## Exercise brief
Extract, exactly as written, the line that contains "5x7 Box Card Mug Snowman" and all lines after it through the end of the records. Omit pictures.

Dataset entries:
====

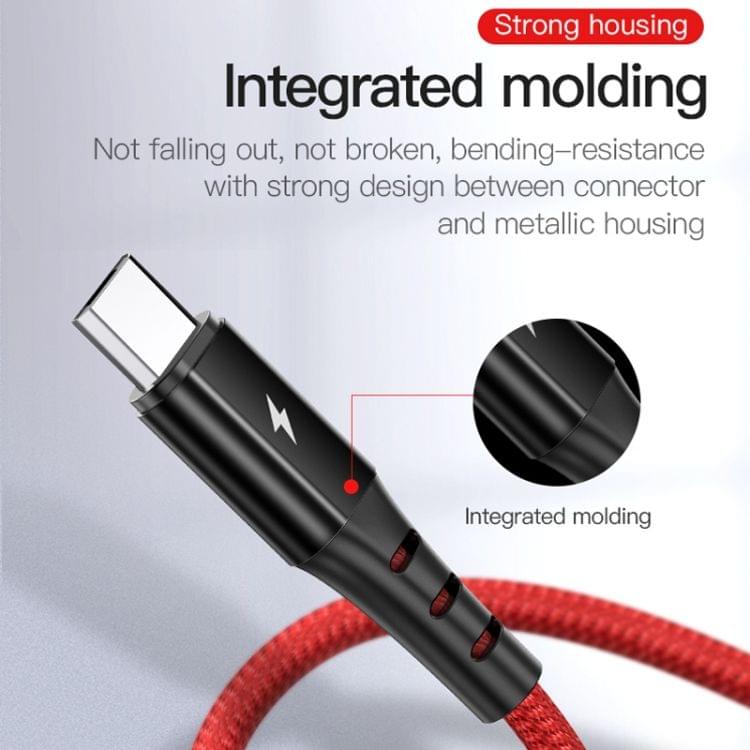 TOTUDESIGN B3BB-013 Hard-edged Series Micro USB + 8 Pin + Type-C / USB-C Charging Cable, Length : 40cm(Black)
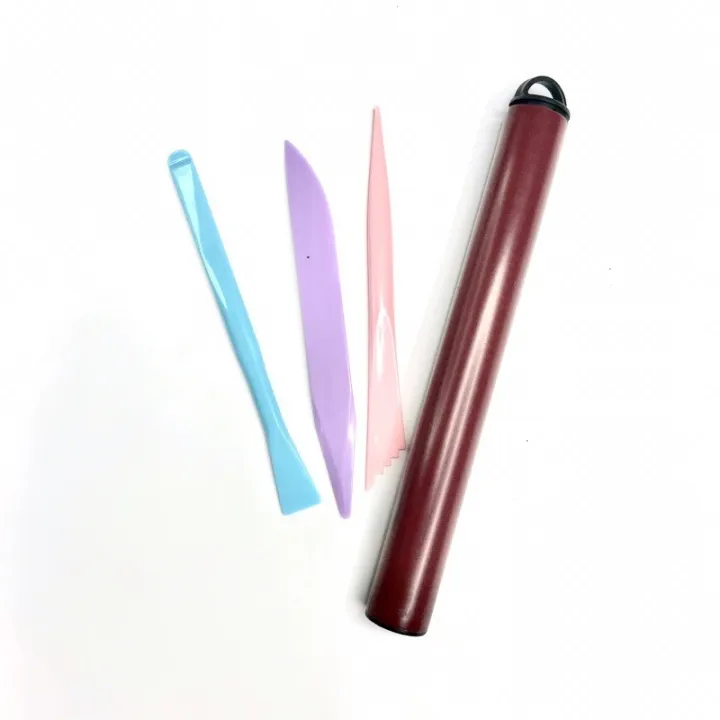 Rolling Pin Pencil Case 4 in 1 with 3 clay tools color availablewhite Lazada PH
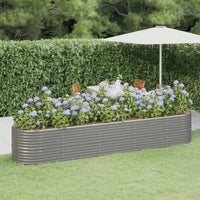 lit sureleve jardin acier grandes capacites gris 368 x 80 x 68 cm 1 | jardinna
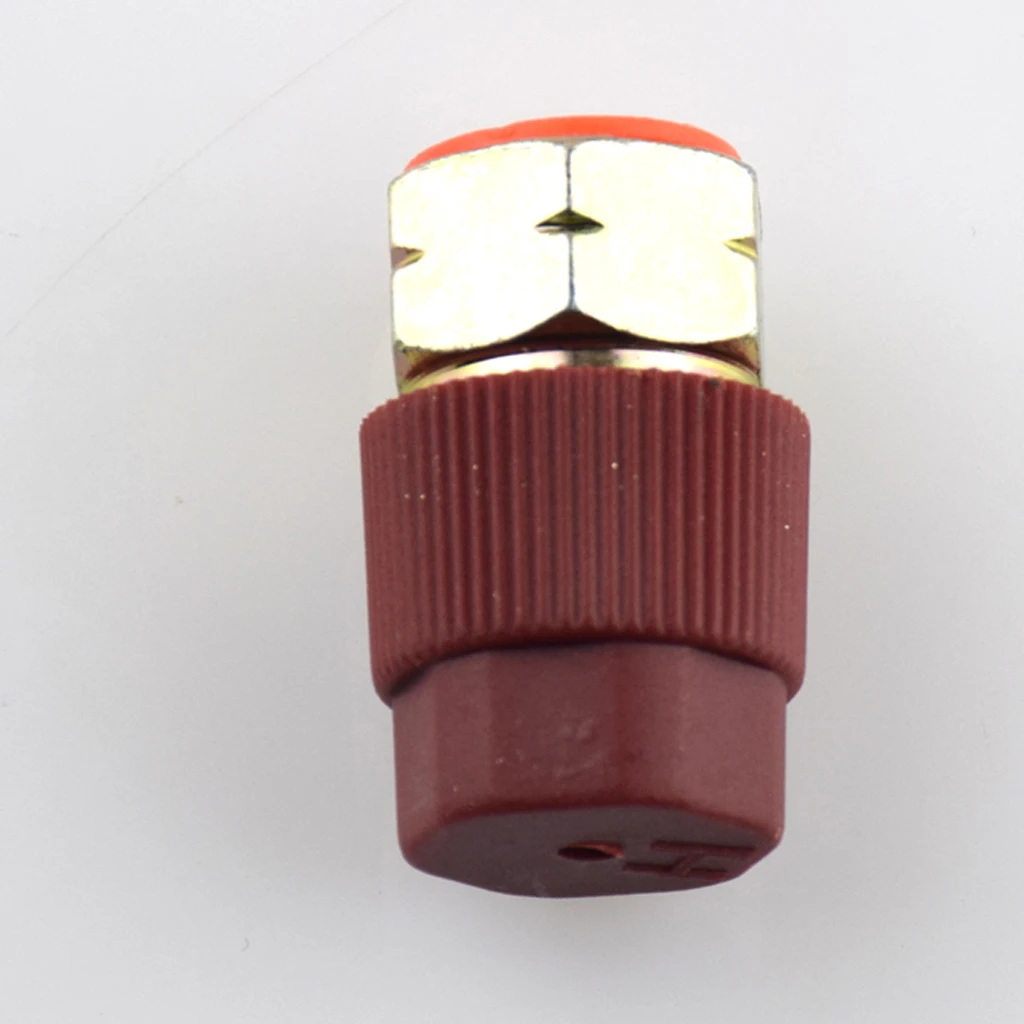 3/8 High A/C Service Charging Port Adapter Retrofits R12 to R134a with Valve and Cap High side retrofit/adapter/fitting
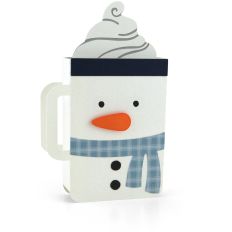 5x7 Box Card Mug Snowman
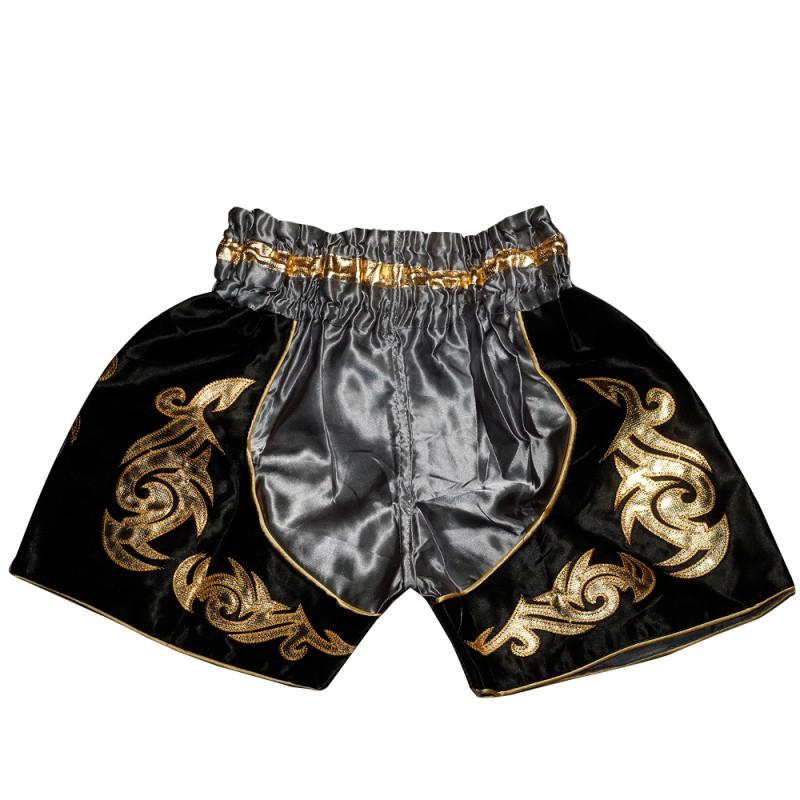 Yoth Kids "Thaiboxing" Muay Thai Boxing Shorts "Dragon" Gray Free Shipping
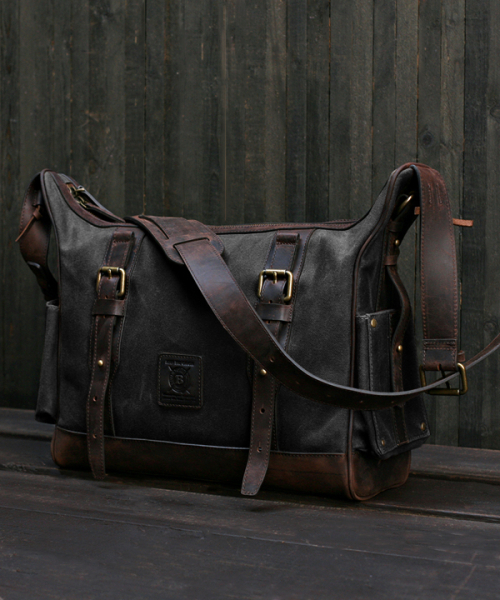 BUILFORD(ビルフォード)の「クラシックホーボーメッセンジャーバッグマロングレー(Marron Grey)(メッセンジャーバッグ・メンズ・その他・FREE)」の3枚目の写真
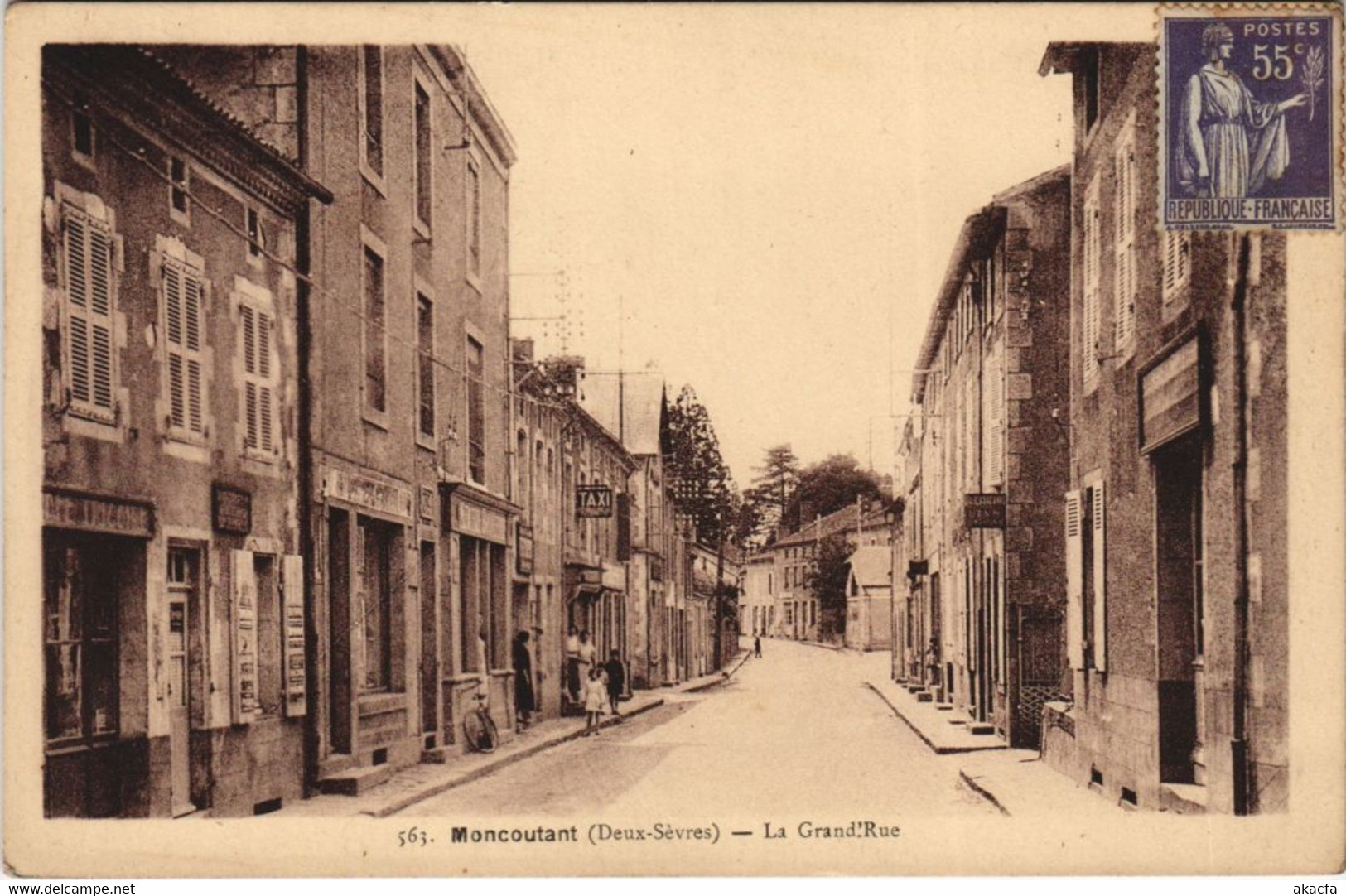 CPA MONCOUTANT La Grand'Rue (1141447) - Moncoutant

====

## Result for this task
 5x7 Box Card Mug Snowman
 Yoth Kids "Thaiboxing" Muay Thai Boxing Shorts "Dragon" Gray Free Shipping
 BUILFORD(ビルフォード)の「クラシックホーボーメッセンジャーバッグマロングレー(Marron Grey)(メッセンジャーバッグ・メンズ・その他・FREE)」の3枚目の写真
 CPA MONCOUTANT La Grand'Rue (1141447) - Moncoutant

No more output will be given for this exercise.